REPUBLIKA.CO.ID, DHAKA - Myanmar dan Bangladesh membentuk sebuah kelompok kerja (pokja) gabungan pada Selasa (19/12), untuk mengawasi pemulangan Muslim Rohingya yang melarikan diri dari kekerasan di Myanmar. Namun awal pemulangan mereka kemungkinan akan tertunda.
Berdasarkan sebuah kesepakatan yang ditandatangani di Dhaka, 30 anggota pokja tersebut akan mengembangkan prosedur untuk memulai pemulangan sukarela, pemukiman kembali, dan reintegrasi pengungsi Rohingya. Lebih dari 630 ribu warga Rohingya telah melarikan diri ke Bangladesh sejak militer Myanmar melancarkan tindakan keras pada Agustus lalu.
Bulan lalu, kedua negara sepakat pemulangan akan mulai dilakukan pada 21 Januari mendatang. Namun seorang pejabat Kementerian Luar Negeri Bangladesh yang menghadiri pertemuan pembentukan pokja mengatakan prosesnya kemungkinan akan tertunda beberapa minggu.
Dalam kesepakatan itu, Myanmar juga berjanji akan mengambil tindakan untuk menghentikan arus pengungsi Rohingya ke Bangladesh.
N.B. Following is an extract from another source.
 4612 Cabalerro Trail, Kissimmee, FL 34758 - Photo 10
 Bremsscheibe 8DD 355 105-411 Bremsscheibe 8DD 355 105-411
Myanmar mengatakan akan mengembalikan keadaan normal di Negara Bagian Rakhine dan mendorong pengungsi untuk kembali dengan sukarela ke tempat tinggal mereka yang sebenarnya atau ke tempat yang aman sesuai pilihan mereka.
Sejumlah kelompok hak asasi manusia (HAM) sempat memperingatkan, warga Rohingya mungkin akan menghadapi tindak kekerasan lagi jika mereka dikirim kembali ke Myanmar.
Kesepakatan kali ini mengikuti kerangka yang telah ditetapkan dalam sebuah kesepakatan pemulangan yang sama pada 1992. Kesepakatan 1992 telah ditandatangani kedua negara setelah sebelumnya juga terjadi kekerasan di Myanmar.
Berdasarkan kesepakatan tersebut, warga Rohingya diminta untuk menyerahkan dokumen-dokumen residensi, yang hanya sedikit, sebelum diizinkan untuk kembali ke Myanmar.
Pemerintah Myanmar yang beragama Buddha menolak untuk menerima Muslim Rohingya sebagai kelompok minoritas, meskipun mereka telah tinggal di negara ini selama beberapa generasi. Rohingya dilucuti kewarganegaraannya pada 1982 dan tidak mendapatkan hak apapun.